L'apparente contraddizione tra la poesia onesta propugnata nell'articolo e la critica della propria opera, attenta a sottolineare i meriti e a trascurare le manchevolezze, si risolve nell'essere il Saba critico di se stesso e, quindi, in possesso di una verità diretta che fa della seconda opera la conclusione logica di una vita trascorsa al servizio della poesia. La prima ragione di Saba, la sua umanità, fa sì che la sua poesia sia un dono per gli altri (Pascoli), con la speranza di giungere ad un discorso fatto di umiltà, semplicità e pietà. L'esame critico si riallaccia all'affermazione del 1911: - ai poeti resta da fare la poesia onesta (N.B. - si è in pieno clima di avanguardia, il manifesto di Marinetti è del 1909). Saba contrappone il Manzoni degli Inni sacri (versi mediocri ma immortali perché onesti, frutto di autentici sentimenti), al D'Annunzio delle Laudi e dalla Nave (versi magnifici, ma effimeri perché disonesti in quanto artificiali, non rispondenti ai sentimenti, bensì costruiti ad effetto). Saba ha quindi già ben chiara la nozione di una poesia che non deve essere frutto di artificio, di finte passioni, di menzogna, esclusivamente volta ad ottenere un bel risultato. Compito dello scrittore è far collimare contenuto e forma, magari limitando la spinta emotiva, piuttosto che correre il rischio di esagerare e mentire. Il poeta, lo scrittore in genere, deve essere, tanto nella vita, quanto nella letteratura, un uomo onesto. Tale principio, che è il punto di partenza di Saba, è ancore determinante al momento della critica della propria opera e tale possibilità critica gli viene dalla consapevolezza di ciò che egli ha inteso realizzare (non è crepuscolare, come a volte è definito, per gli stessi motivi per i quali rinunzia al dannunzianesimo e tutto ciò che può essere o sembrare posa). Saba parla della necessità di sostenere con il ritmo l'espressione della passione, fissando così i limiti dello strumento, a vantaggio del sentimento da esprimere. Saba mira al giusto equilibrio tra sentimento ed arte, tra contenuto e forma, seguendo l'ispirazione, senza timore di ripetere se stesso o gli altri, (al contrario dei simbolisti, sostenitori della poesia pura). Saba si accosta ad una poesia discorsiva, capace di accogliere tutte le occasioni di ispirazione che la vita può offrire.
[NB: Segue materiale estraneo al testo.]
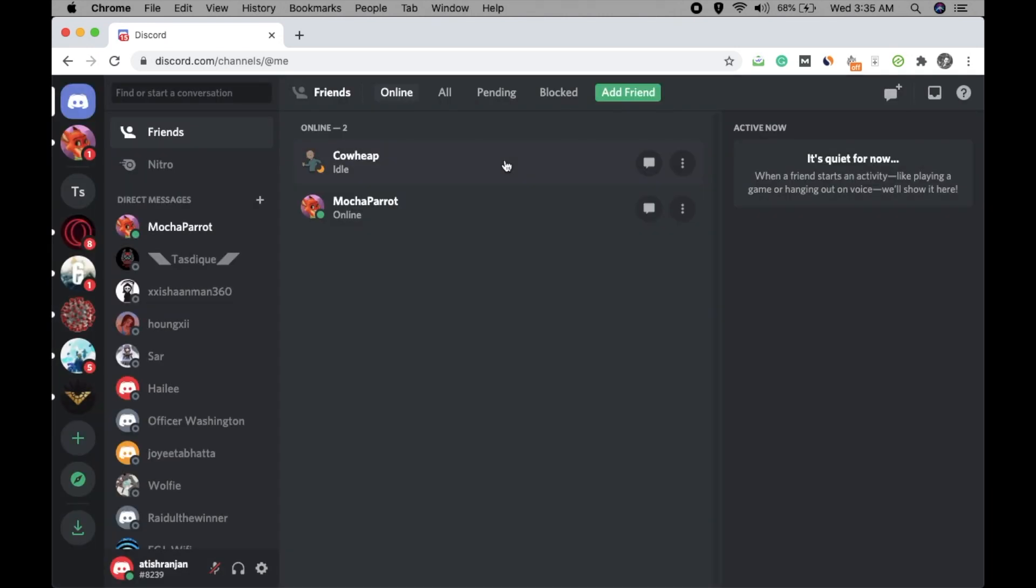There are two ways you can turn off your direct messages. The first scenario is when you want to turn off the direct messages for the members of a particular server that you have joined. Another is you want to turn off the DMs for the members of every server you have joined. Let's see the first case.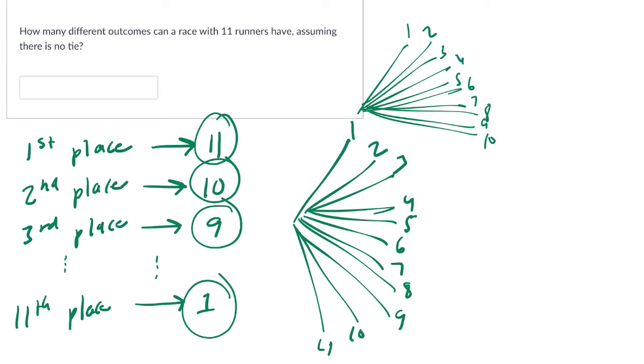So we can multiply 11 by 10 by 9 by 8 by 7 by 6, so on and so forth to get our answer. Or we can just say it's 11 factorial, which is the same exact idea. It's going to be a big number. So 11 factorial, 11 times 10 all the way down to 1, we get our answer.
Poeta, non letterato di professione

Il poeta deve rileggersi cercando di rilevare la corrispondenza fra stati d'animo e versi, tra pensato e scritto, mediante moduli tradizionali e semplici, in netto contrasto con le soluzioni allora di moda. Il poeta, inoltre, deve abbandonare il modello del letterato di professione (D'Annunzio) rifiutando sia le soluzioni dei futuristi, sia quegli esiti dannunziani che hanno prodotto una poesia artificiale e la collusione tra letteratura e politica. Parimenti Saba rifiuta la ricerca esasperata dell'originalità e la sperimentazione eccessiva e gratuita, mirando, invece, ad una equilibrata opera di revisione, di selezione e di rifacimento. Al contrario di quanto vede fare intorno a sé, Saba adotta il più semplice dei linguaggi e propone un discorso non drammatico, alieno da violente speculazioni, cercando di sviluppare la naturale capacità dell'uomo - Saba nello stabilire il contatto con gli altri, sulla base di uno scambio fondato su una diversa, ma sempre semplice ed umana interpretazione dell'esistenza. Saba vive pazientemente aspettando la serena disperazione, ossia la serenità che viene dalla volontaria partecipazione a ciò che deriva dall'esperienza del mondo, dalla ricerca dell'equilibrio e dal senso delle proporzioni, mentre la disperazione è la consapevolezza dell'inalterabilità della vita e dell'inevitabilità del destino. A tale consapevolezza, Saba contrappone la pazienza, il gusto dell'interpretazione, l'amore della vita, per arrivare non alla spiegazione (alla maniera di Montale) bensì a mitigare l'impatto con la realtà. La malinconia e la dolente consapevolezza dell'esistenza, la meditazione sul trascorrere del tempo, diviene accorata saggezza della maturità e un doloroso amore della vita. Che trova voce nel dialogo interiore fra passato e presente e la consapevolezza delle propria vicissitudini esistenziali diviene coscienza della tragedia storica di tutto un popolo, sempre restando aliena dalla retorica.